- ASSIGNMENT -
Everything in the data should be repeated exactly, save for the images.

- SUPPLIED MATERIAL -
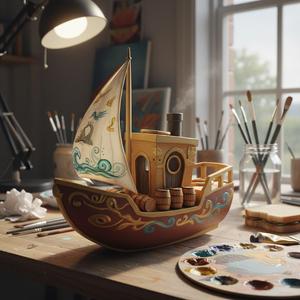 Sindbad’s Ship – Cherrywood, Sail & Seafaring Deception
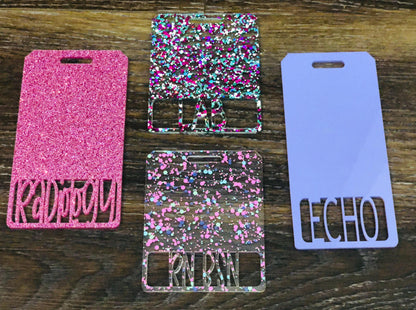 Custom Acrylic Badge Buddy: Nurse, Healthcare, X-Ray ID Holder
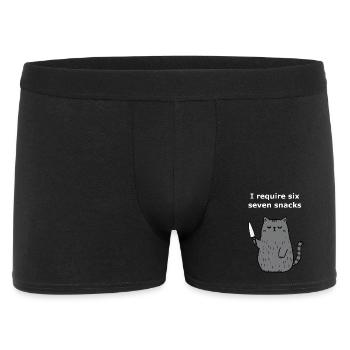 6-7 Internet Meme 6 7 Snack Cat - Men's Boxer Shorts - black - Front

- EXERCISE RESPONSE -
 Sindbad’s Ship – Cherrywood, Sail & Seafaring Deception
 Custom Acrylic Badge Buddy: Nurse, Healthcare, X-Ray ID Holder
 6-7 Internet Meme 6 7 Snack Cat - Men's Boxer Shorts - black - Front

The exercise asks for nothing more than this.